Saving memory on one hand and immediately consuming it on the other!

3 Likes

As far as I know the 75% of dynamic ram should include all of the environment as well as if you compile a blank sketch it still uses 5% and simply invoking arduboy.begin uses 47%

1 Like

I don’t keep an entire log, but I do dump the size output to notepad and compare changes.

I do make todo lists and work logic out on paper though, I’m glad to see other people also still use paper.

It’s actually even simpler than that.
Just declaring a global Arduboy2 variable will cause that leap because that’s the size of the Arduboy2 being stored in the global data section.

It includes all the statically declared stuff, but it doesn’t account for stack usage, which grows with allocation of local variables and function calls.

It is somtimes possible to know (at compile time) exactly what the maximum stack usage will be, but those times are rare because certain commonly used things (like indirect function calls) make it practically impossible.

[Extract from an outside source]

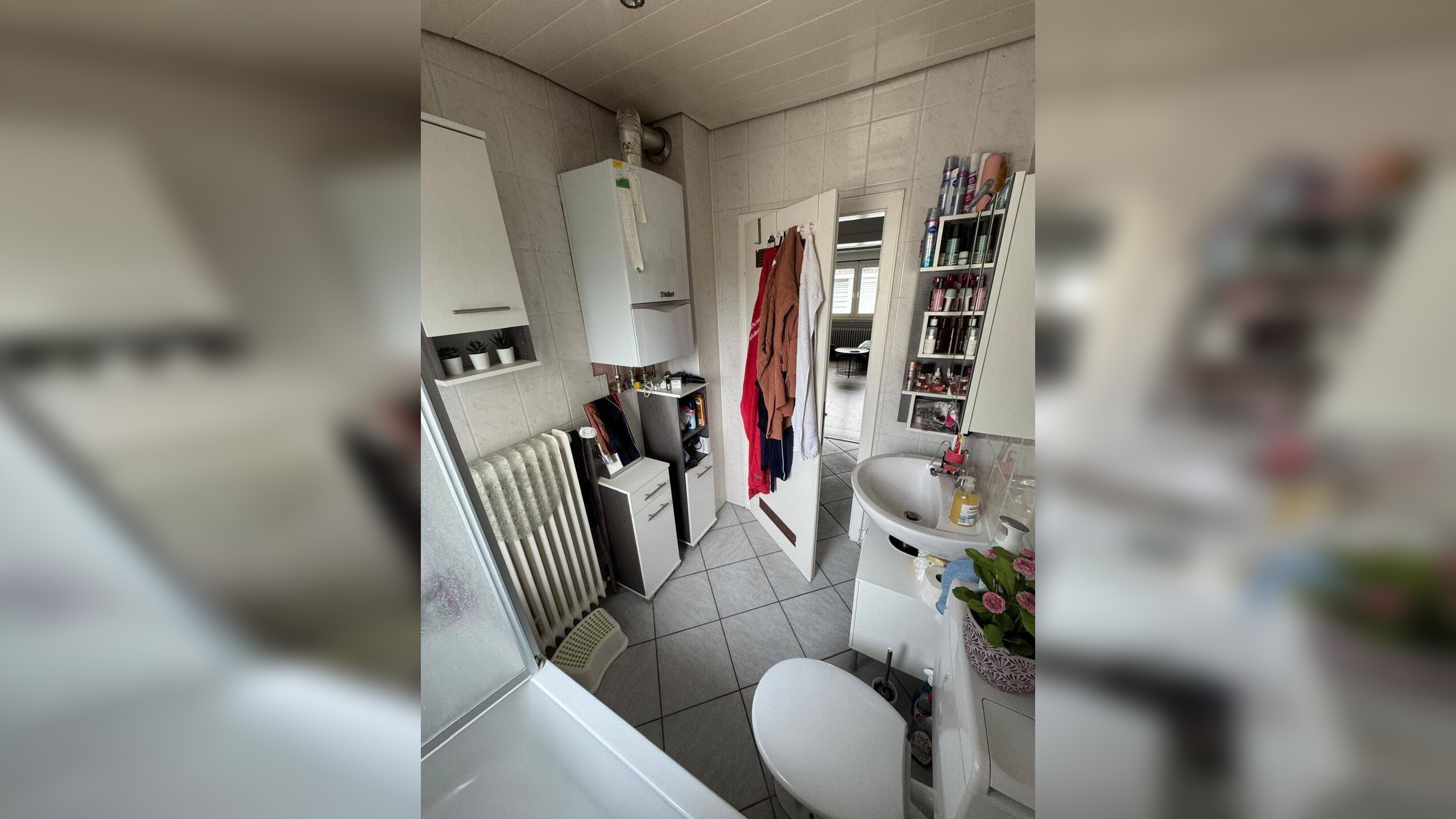 Bild 10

It’s a similar issue to the halting problem in that there are constructs that make it impossible without actually running/simulating the code.

Reference? I’m not aware of any issues with the core library that would brick devices. Typically the Arduino IDE will show you a warning (after compiling) when your % of memory usage becomes too high that you could possible get tripped up by the stack, etc.

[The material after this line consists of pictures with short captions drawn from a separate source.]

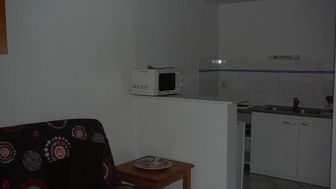 Photo n°1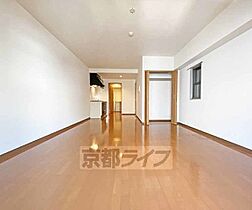 京都府京都市中京区鯉山町（賃貸マンション1R・5階・37.70㎡） その15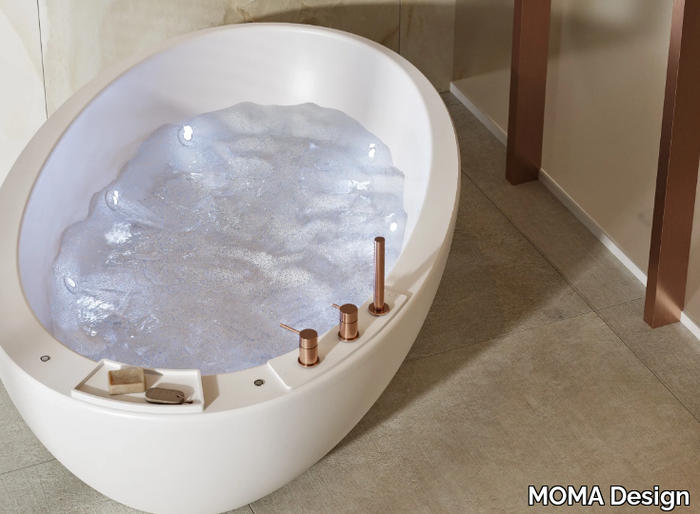 ELITECHNIC-MOMA-Design-164930-rel62602a2f.jpg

Bricking the device is (intentionally) very difficult. Even for the some of the Arduboys that shipped without protection for the bootloader… still the flash instructions only run from the bootloader area of flash… and the flash instructions are the only way I know of to “brick” it in software. So to flash it “accidentally” you’d have to JMP directly into the bootloader area and perhaps even setup the state exactly as necessary before hand. Of course it’d be possible to purposely compile a program to do this… but much harder to do so accidentally.

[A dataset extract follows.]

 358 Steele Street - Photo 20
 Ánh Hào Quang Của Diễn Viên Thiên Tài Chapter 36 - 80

You’d have to push the jump address into the stack and then “return”. I suppose if you had a memory corruption bug you could accidentally push EXACT that address into EXACTLY the right memory location - and the bug be such that normal execution continues until you hit a RETURN… and I’m not saying that’s not possible… just that it’s pretty unlikely.

It is much simpler to write a sketch that locks up the device (requiring a reboot) or even a sketch that messes up the “usb auto reset to flash” functionality (requiring the reset pin or safe mode). But accidentally flashing the device (in software) is a stretch.

Now if you pick the wrong option from the Arduino IDE it may be possible to reflash the bootloader area (once) and hence mess things up pretty good. Far more likely someone would do this than to accidentally compile a sketch that corrupts flash.

@Dreamer3 you are right, it shows a warning at an arbitrary 75% and my code had just clipped over that (hence the OP). The problem occurred when I added ‘just one more’ graphic to my program - of course this might just have been me crossing the memory line.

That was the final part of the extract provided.